Para entender melhor essas questões, Talita Castro, orientada pela professora Guita Grin Debert, fez um recorte no tema sobre a periodização da vida, ou seja, analisou mais de dez títulos nacionais que tratavam da crise da vida adulta ou também chamada crise da meia-idade, que supostamente ocorre com homens e mulheres na faixa etária entre 40 e 50 anos. A antropóloga entrevistou ainda diversos autores de livros e recorreu a matérias jornalísticas de revistas e jornais, além de observar o tema tratado em novelas. Propositalmente, ela não entrevistou leitores, uma vez que o objetivo era focar a constituição do sujeito da perspectiva da produção dos livros.

“O material analisado me permitiu concluir que há um movimento de produção cultural para caracterizar uma possível crise que mulheres e homens passam na fase adulta da vida, à semelhança do que ocorre na adolescência. Nos Estados Unidos, por exemplo, existem títulos do gênero que sugerem até uma crise dos 25 anos, fase em que o jovem sai da universidade e tenta se inserir na área profissional desejada. O que se percebe é a ideia de uma vida pautada por crises, como uma maneira de sustentar o mercado de publicações”, explica a socióloga, que pretende aprofundar os estudos nesta área em pesquisa de doutorado.

A ideia de crise da meia-idade é antiga. Nos livros de autoajuda, expressões do tipo “idade do lobo ou da loba” começaram a ganhar corpo em meados da década de 1990, com a publicação do livro “Quarenta: A idade da loba”, de Regina Lemos. O livro retrata as mudanças no universo feminino ocorridas durante a década de 1960, tornando-se bastante conhecido e dando sequência a outras obras na mesma linha. Neste caso, Talita fez apenas a análise do livro, uma vez que a autora é falecida. Anterior a este, o escritor Elyseu Madegan Junior lançou a obra “A idade do lobo” que vendeu mais de 200 mil exemplares, levando o autor a publicar um segundo título, “Homens 40 graus”, também sucesso editoral. Mesmo tendo pesquisado, Talita não encontrou referências oficiais da origem das expressões.
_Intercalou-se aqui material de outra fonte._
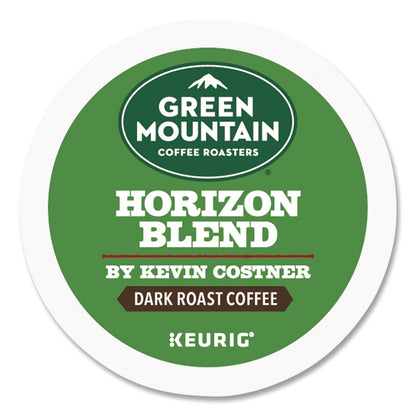 green-mountain-coffee-r-horizon-blend-by-kevin-costner-coffee-k-cups-0-37-oz-24-box-gmt5000379575_2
Os autores retratam as formas de reação do homem e da mulher e, como era de se esperar, as diferenças são evidentes. Segundo Talita, as mulheres tendem a passar pelo momento com resultados muito mais positivos que os homens. Se no universo feminino, a crise representa uma retomada e uma forma de superação de muitos conflitos, para o sexo masculino, lidar com as emoções é algo crucial. Em todas as publicações aparece a figura do lobo bobo, ou seja, a imagem de um homem frágil e infantilizado que não consegue superar frustrações e medos de desemprego, impotência sexual e outros conflitos, acabando invariavelmente perdido em suas decisões.

“O lobo bobo aparece nos relatos como aquele que reprime suas emoções ao longo dos anos e não consegue controlá-las no momento de crise. Muitos acabam abandonando as esposas e buscam mulheres mais jovens como forma de autoafirmação. O que se observa é que o homem precisa mais da esposa para superação da fase, do que a mulher do marido. A mulher é caracterizada como poderosa, que continua a seduzir, a despeito das transformações físicas que marcam o período”, avalia.

Em suas análises, Talita encontrou características específicas para a mulher brasileira. Alguns elementos apoiados no visual e na beleza podem constituir uma marca exclusiva no Brasil, os quais diferem do universo feminino americano, onde este tipo de literatura também é bastante difundida. Trata-se de outro ponto que a socióloga pretende explorar nas próximas pesquisas ao comparar os livros de autoajuda publicados no Brasil e no exterior.